4. Alabama: This team is uncharacteristically inefficient and mistake prone, but they keep finding ways to win. That's what talent does for you, but Nick Saban may not last the season without a stroke or a full system reboot (Nick Saban doesn't back up unless he's locked and connected to a wireless network).
5. Georgia: Hunter argued for this team to be fourth, while the Kid decided he wanted to demonstrate how very wrong he could be in a public forum and unilaterally placed this team fifth.** The 'Dawgs are healthier and more talented than last year at every position except for quarterback, and the other preseason contenders for the SEC East all look much worse than expected. Of course, Mark Richt is still capable of an epic collapse to an upstart (but increasingly salty) Kentucky team, or an unexpected turnoverfest against Florida, but this team should win the East.
**Actual text message from the Kid: "I have one trump card in my deck, and with it I will switch UGA to 5, with Bama at 4."***
***Hunter apparently ignored the actual text message I sent him two days prior where I ranked UGA 5th. His follow-up text unilaterally placed them fourth. The text noted above was in response thereto.
6. LSU: That's So Les! Coming soon to CBS, the home of mediocre but surprisingly watchable (and successful) programming. Also, LSU appears to have taken the kid gloves off Leonard Fournette, which was a wise decision as he very much looked the part against UF.
7. Texas A&M: Might have started that Kenny Trill thing a bit too soon. Actually....naaahhhh, it's still awesome.
8. Arkansas: The Razorbacks and the Vols have the same problem: although they look much improved on the field (and in the advanced statistics), they don't have anything to show for it in terms of wins. BERT hasn't tasted victory in eleven tries in his new conference, and you really don't want to come between a hungry, alcohol fueled varmint and his dinner.
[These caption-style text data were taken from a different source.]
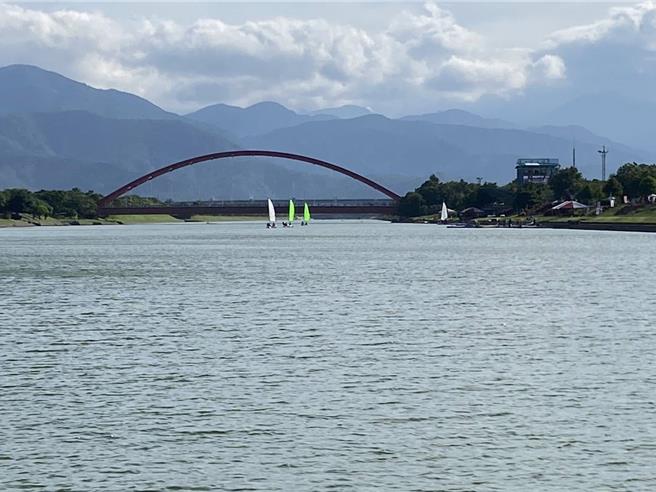 宜兰县政府今（7日）预告公告，开放冬山河水域游憩活动，除滑水板、水上摩托车、香蕉船、拖曳浮胎等，全年禁止从事，其余日前禁止的独木舟、SUP等之后都可正常下水。（宜兰县政府提供／吴佩蓉宜兰传真）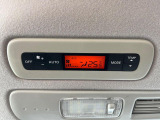 【リアオートエアコン】広い後部座席には必須の機能!風量や温度を自動で調整し前席と同様な車内環境にしてくれるリアオートエアコンを装備。夏の暑さも冬の寒さもストレスなく快適にお過ごしいただけます♪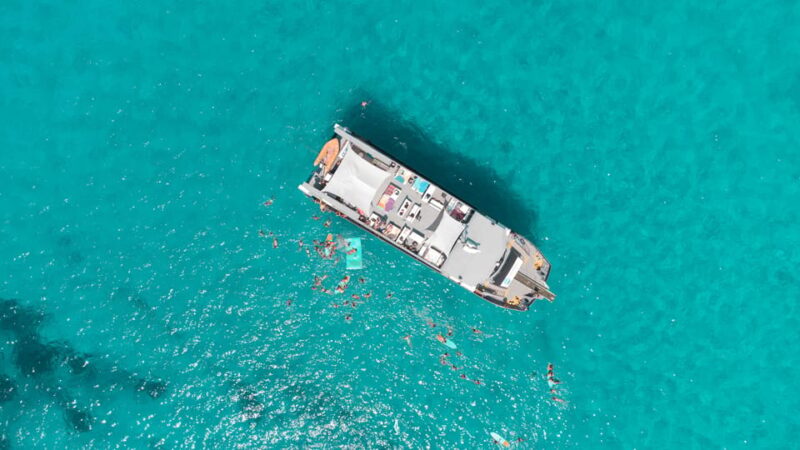 Formentera: Crystal Waters Cruise with Snorkeling and Lunch - Discover Formenteras Crystal Waters on a Relaxed Cruise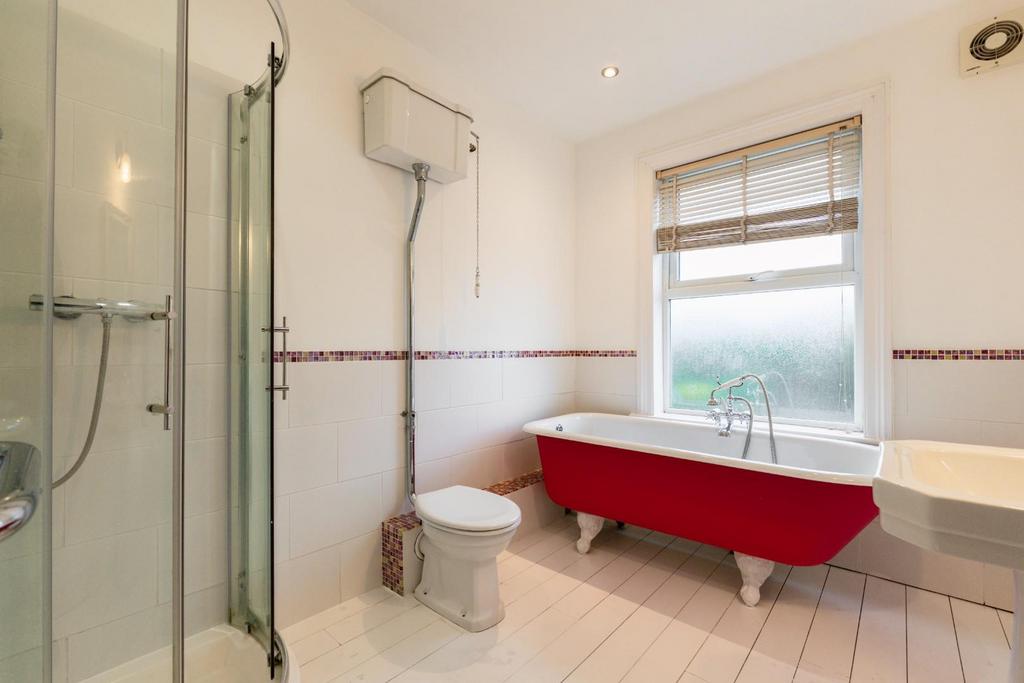 Bathroom-1.jpg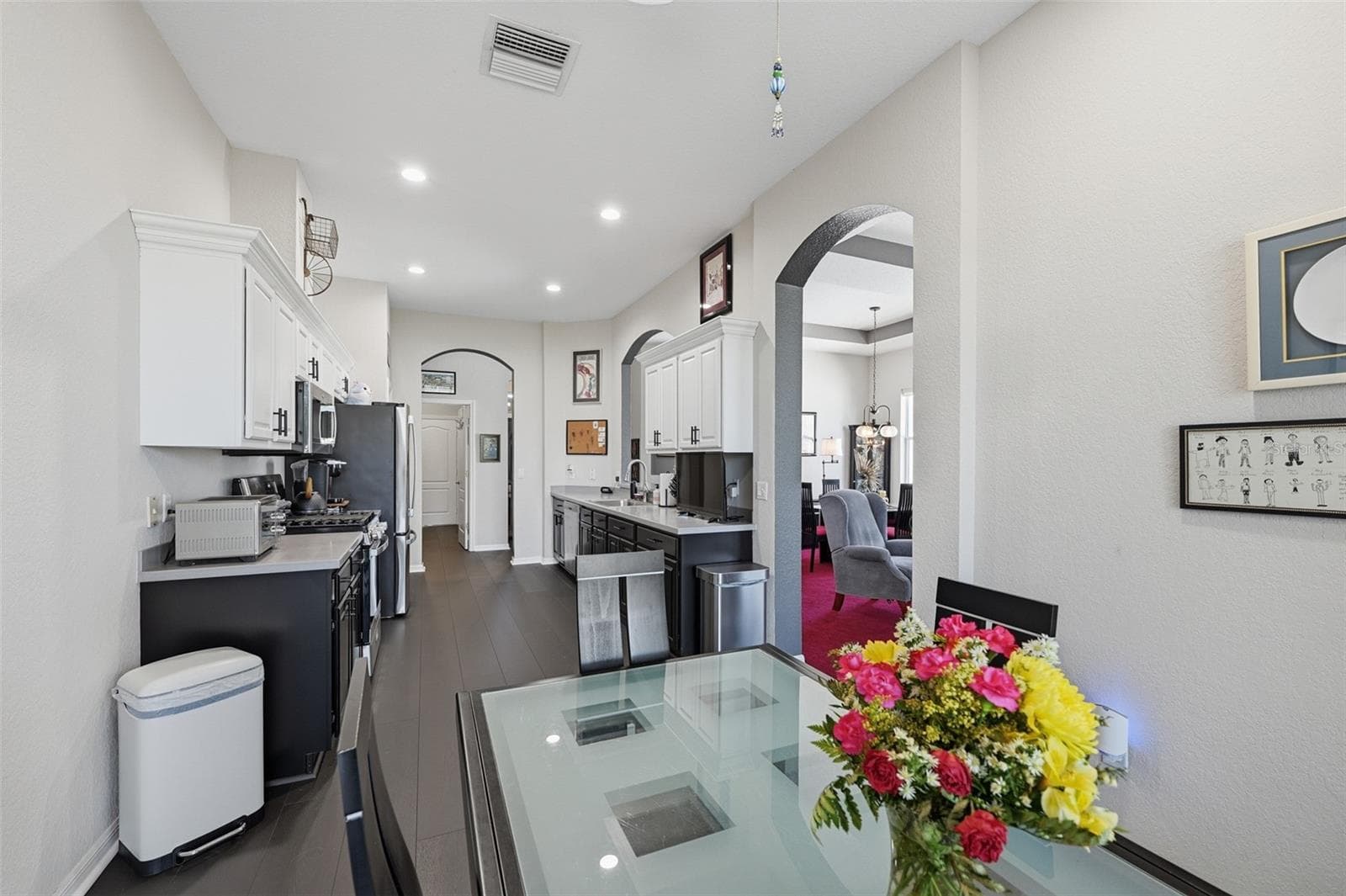 LOOKING FROM THE BREAKFAST NOOK INTO THE KITCHEN - 441 NOBLE FAIRE DR, SUN CITY CENTER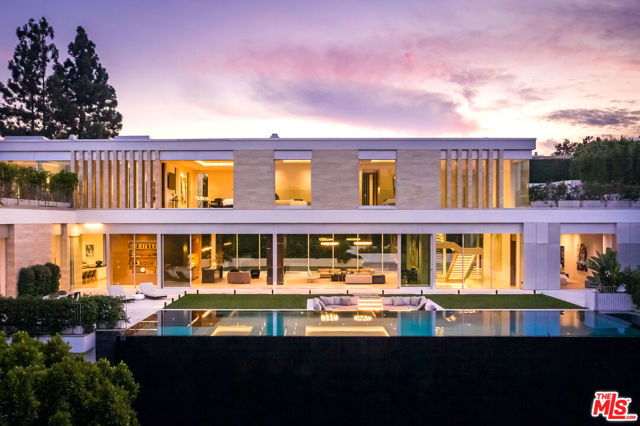 642 Perugia Way, Los Angeles CA: https://media.crmls.org/mediaz/4536c5aa-65a9-4626-a2b9-90e33aad2444.jpg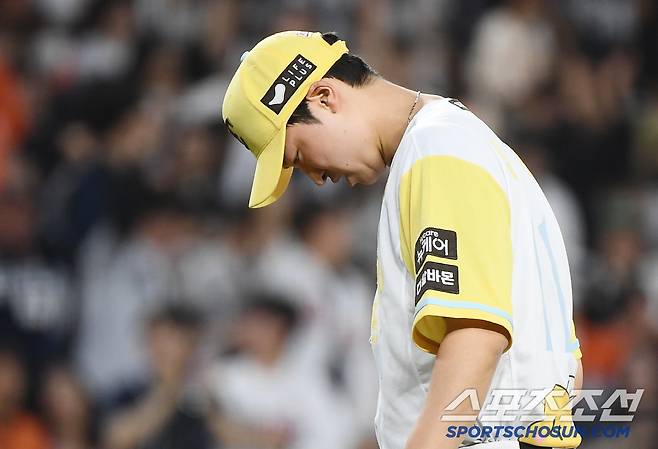 15일 대전 한화생명볼파크에서 열린 두산-한화전. 3회초 무사 양석환에게 솔로포를 허용한 엄상백이 고개 숙이고 있다. 대전=정재근 기자 cjg@sportschosun.com/2025..5.15/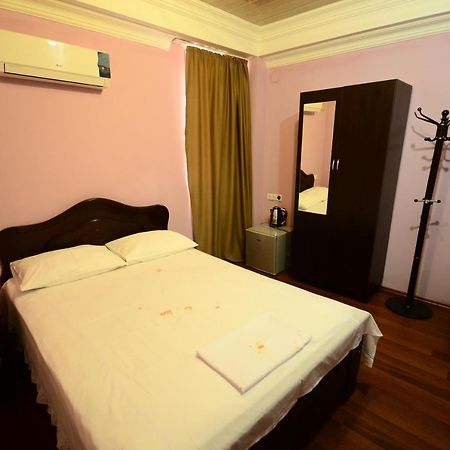 Hotel Peria Batumi Ngoại thất bức ảnh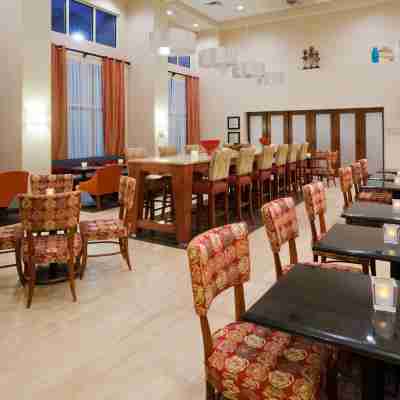 Hampton Inn & Suites Minot Airport Dining/Meeting Rooms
9. Kentucky: Sure, the Cats haven't exactly faced a murderer's row of opponents, but credit where credit is due: Mark Stoops has significantly improved the defense, and Neal Brown is conjuring points out of a thin group of skill position players. Which of you had Kentucky on your "outside SEC East contender" bingo card?
10. Tennessee: Ole Miss in Oxford is not the matchup you want following an agonizing loss to Florida and before a home tilt against longtime foe Alabama. Still, you go to the football field and play the opponent you have, not the opponent you want.
11. Florida: I had the stomach flu last week, but I'd rather suffer through it again than watch a single second of another Florida game this season. Win or lose, Muschamp seems determined to make a mockery of the legacy of the Fun-n-Gun Gators of yore.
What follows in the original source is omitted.